そして、同族には優しそうなビットナイトが彼女に当たりが強いことも。

「さぁ、好きな方を選びなさい。抗い人間として無残にしぬのか。それとも降伏し魔族として安らかに逝くのかを」

彼女が拳を強く握りしめる。

「わたしは...多くの魔族さん達を巻き込んでしまった最低の女。......けど、それでも......!」

ずっと俯いていた顔が上がる。
真っすぐ強い眼差しでビットナイトを見る。

「わたしは、生きてこの目で星空を見たい!」

その瞬間、彼女の姿が変化する。
サキュバスへと。

それに伴い、ビットナイトに及ばないものの大きな魔力を放つ。

「大切な人と二人で見るって約束したから......。
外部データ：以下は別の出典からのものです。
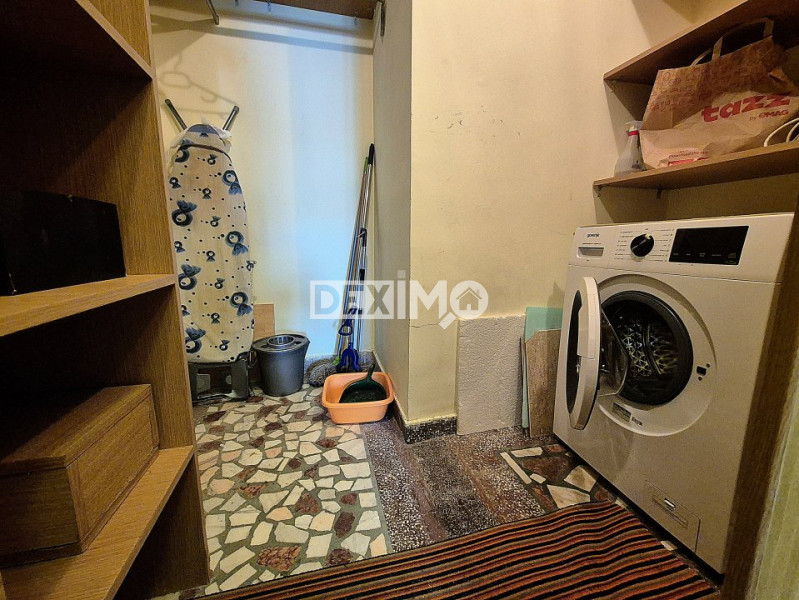 Apartament 3 Camere - Pozitie De Exceptie - Zona Trocadero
私は最後まで足掻くよ」

「...............そうですか」

ルーナの決意に、呆れたように応えるビットナイト。

「そんなに星空が好きなら――」

空気を切り裂きながら、彼女に近づく龍の魔物。

「今すぐ貴様を星にしてあげますよ!!」

奴の意識は完全にルーナへと向いた。
――つまり
今が不意打ちの最大チャンス。

俺は視線でルーナに合図。
それに応えるかのように彼女が風魔法を俺に当てる。
丁度、敵に飛ばす向きにして。

ビットナイトと俺。
両者が向かい合いながら急接近する。

「なっ――」

予想外の行動に、敵の動揺が見て取れた。

.....奴は魔力総量は7万だが、防御は7千程。
対して、俺は魔力総量10000。
昨日の不労魔力とさっきの遺跡の前貸しで増やした魔力だ。

俺は即座に魔力10000を攻撃に振る。